Since then, it has become a buzz-word in the tech industry and I’ve grown increasingly passionate about automation and artificial intelligence. At my previous internship, I was fortunate enough to work under Akaike’s founder, Rahul Thota.
When I completed my internship, Rahul recommended that I join his new company, Akaike Technologies which was a three-member team at that time.The chance to work with a startup and gain exposure to different projects for multiple clients across various industries enticed me to take the leap.
My philosophy has remained the same since day one— to keep learning. In addition to executing my own tasks, I’m now managing a talented data science team. This allows me the opportunity to remain cognizant of company goals and objectives while guiding my team in finding the best solutions for each situation.
2. What are the common misconceptions about Big Data?
Everyone thinks Big Data is just 4-5 years old. Big Data isn’t a new concept; it has been around for over 20 years. In recent times, powerful tools and technology have enabled a shift towards open source solutions. This makes it more accessible for smaller companies to handle and analyze data.
While many believe that larger datasets produce better results, what’s more important is the quality of the data rather than quantity.
Businesses need to keep in mind that Big Data involves much more than technology. It’s about leveraging data-driven insights to inform business decisions and foster innovation. Furthermore, the real value of Big Data comes from utilizing it for analysis purposes, as opposed to just storage and collection.
Ultimately, Big Data can be very effective but it needs a sound strategy, appropriate tech stack and skilled professionals in order to be successfully utilized by businesses.
3. How do you draw insights from unstructured data?
The first step in a data science project is to gather all available sources of data. This includes both structured data such as text files and databases, and unstructured data such as images. The data should be processed, transforming it into standard IDs that are associated with relevant descriptions.
We then clean up the raw data, creating a new version of the dataset which will be more useful for analysis. Data science is an iterative process—we continually refine our process by revisiting it if we find a better approach.
In exploring the dataset, we examine what kind of data we have, how many visual sets can we identify from it and what measures can be taken to improve its quality. We also use hypothesis to validate our datasets and look out for anomalies. These insights enable us to further explore the dataset’s potentials.
4. Among millions of datasets, how can you identify the right data quickly?
Finding high-quality data from millions of datasets can be a challenging task, but at Akaike Technologies, we follow well-defined steps to speed up the process. It’s important to define your data requirements. Having a clear understanding of the data you need, such as the type of data, the format, and the source, will make it easier to filter out irrelevant datasets.
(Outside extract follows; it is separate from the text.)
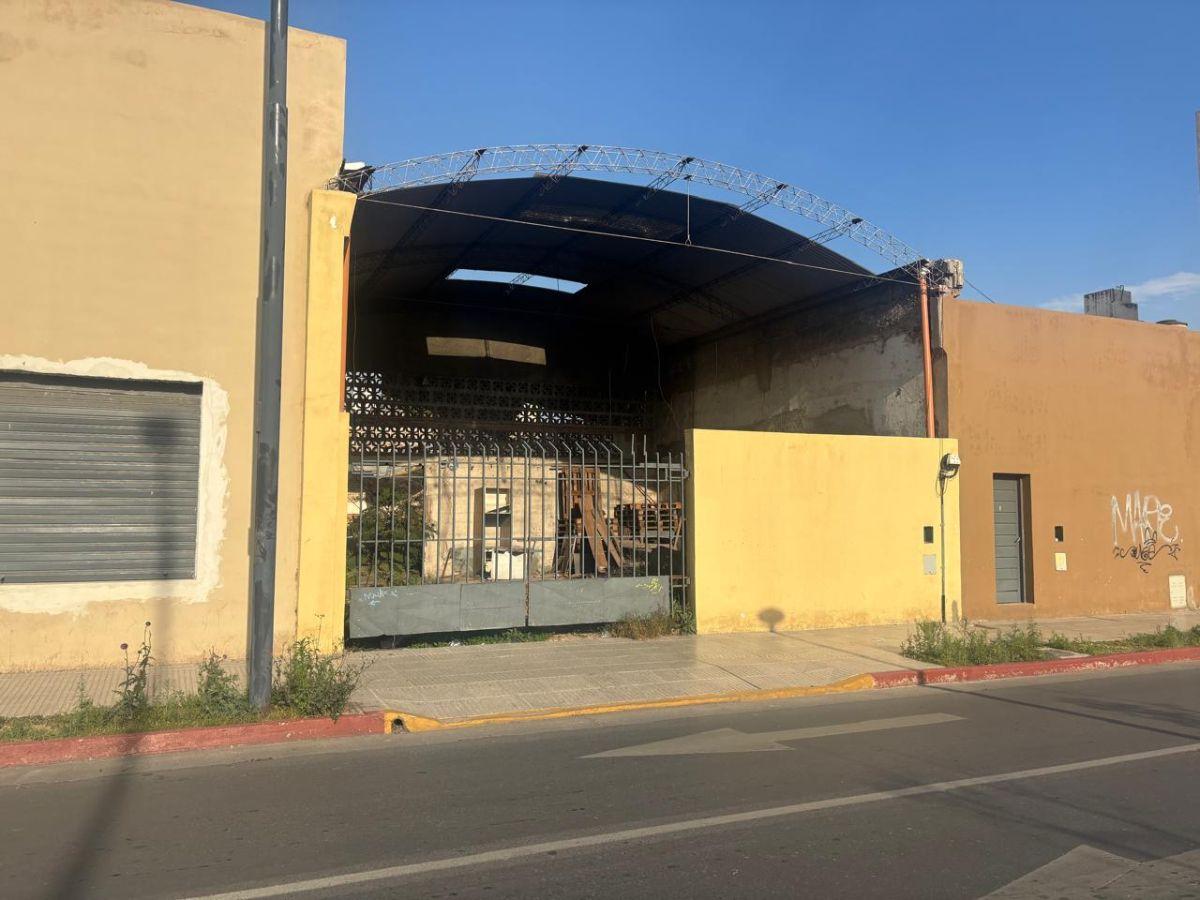 Foto de AV MAIPU AL 500 LOTE EN VENTA APTO DESARROLLO O RECICLADO, imagen 5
Next, you can use data catalogs and repositories like Data.gov, Kaggle, or Google’s Dataset Search, as a great starting point for finding high-quality data. These platforms usually have a search function and filters that allow you to quickly find datasets that meet your criteria.
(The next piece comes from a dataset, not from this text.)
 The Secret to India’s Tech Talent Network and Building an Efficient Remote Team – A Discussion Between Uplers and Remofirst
This can be followed by Data APIs that allow you to programmatically access data from a variety of sources, including social media, websites, and databases.
Using APIs can save time compared to manually downloading data. Remember, not all data is created equal. When evaluating potential datasets, consider factors such as completeness, accuracy, timeliness, and consistency to ensure that the data is of high quality.
Finally, consult with experts in the field, such as data scientists or domain specialists, for recommendations on where to find high-quality data. These experts may also be able to help with the evaluation process. Keep in mind that finding high-quality data can be a time-consuming process, and it may require some trial and error. The key is to be patient and persistent in your search for the right data.
5. In 2023, what trends will dominate VisionAI?
Well, there are so many but to sum it up — 2023 will improvise on the innovations that were conceived from 2020 to 2022. The demand for real-time analysis and the growth of the Internet of Things have driven a trend toward edge AI, which deploys models directly on devices instead of cloud.
Computer vision is also increasing its role in healthcare, with 3D computer vision becoming more widely used in robotics, augmented and virtual reality, and industrial inspection.